PROBLEM STATEMENT:
Once you reach the line with "Under Armour Hovr" in the material below, copy each line exactly up to and including the line with "CARDONE New CV", and skip the pictures.

EXTRACTED RECORDS:
%%

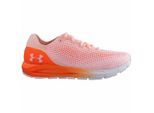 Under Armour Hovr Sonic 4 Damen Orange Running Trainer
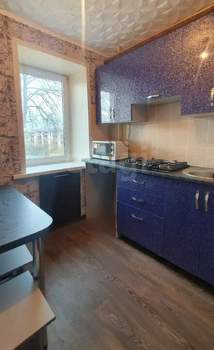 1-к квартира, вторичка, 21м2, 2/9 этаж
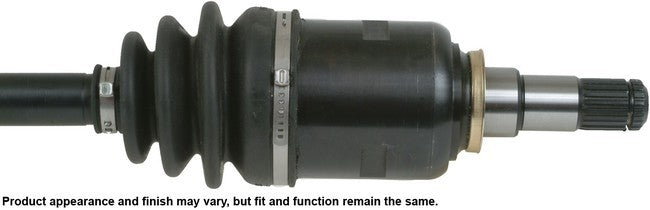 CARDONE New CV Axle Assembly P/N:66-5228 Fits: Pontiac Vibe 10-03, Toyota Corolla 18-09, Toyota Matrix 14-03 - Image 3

%%
%%

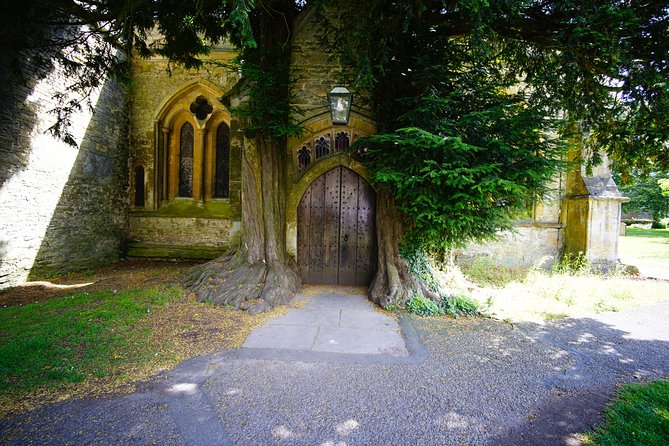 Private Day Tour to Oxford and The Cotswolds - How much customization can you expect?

%%
%%

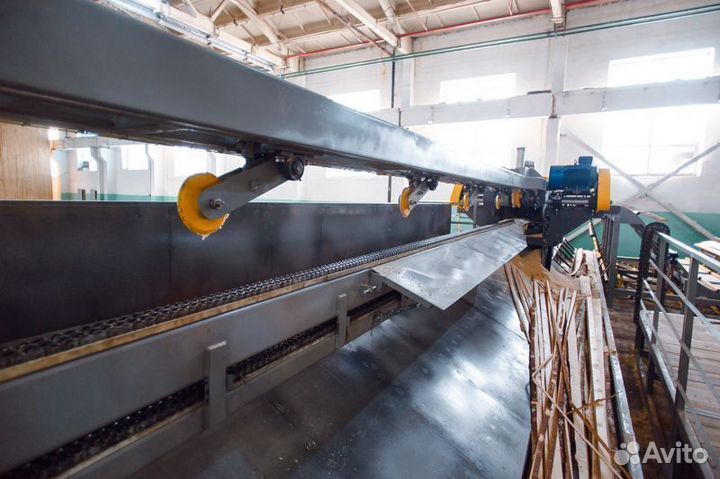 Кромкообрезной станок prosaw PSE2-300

%%

EXERCISE SOLUTION:
 Under Armour Hovr Sonic 4 Damen Orange Running Trainer
 1-к квартира, вторичка, 21м2, 2/9 этаж
 CARDONE New CV Axle Assembly P/N:66-5228 Fits: Pontiac Vibe 10-03, Toyota Corolla 18-09, Toyota Matrix 14-03 - Image 3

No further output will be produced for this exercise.